One of largest known T. rex skeletons up for auction at Christie’s

The dinosaur known as “STAN,”, approximately 67 million years old, was discovered in 1987 in South Dakota by amateur paleontologist Stan Sacrison.

“He showed it to scientists at the time who unfortunately misidentified it as a triceratops,” James Hyslop, Christie’s head of Science and Natural History, told Reuters.

Triceratops remains are relatively common in the paleontological world, so the bones failed to garner much interest until Sacrison took them to the Black Hills Institute in South Dakota in 1992.

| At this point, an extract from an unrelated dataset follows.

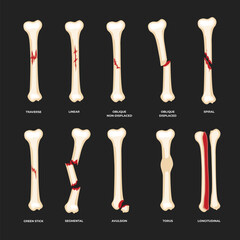 Set of different types of bone fracture collection, Diagram of leg fracture in different stages for infographic biology education school, Femur Bones, human anatomy poster. - obrazy, fototapety, plakaty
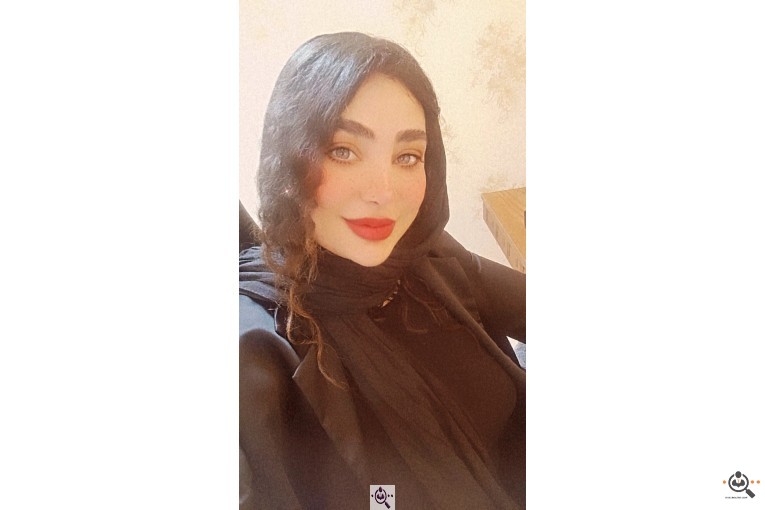 کاشت مو مهتاب منجزی در اهواز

Researchers there “realized pretty quickly that they had something special in their hands,” said Hyslop. They recategorized STAN as a T. rex and mounted a new search to uncover the rest of the bones. They recovered 188 out of an estimated 300 total for any T. rex, Hyslop said.
Most T. rex skeletons are held by museums and private institutions. The auction is an opportunity for a private collector or institution to acquire the bones, Christie’s said.

STAN is 40 feet long and 13 feet high, Christie’s said. He is also notable for two fused vertebrae scientists have identified in his neck, suggesting the dinosaur broke his neck and survived during his lifetime. “The clue is in the name, the Tyrannosaurus rex,” Hyslop said. “He is the tyrant lizard king.”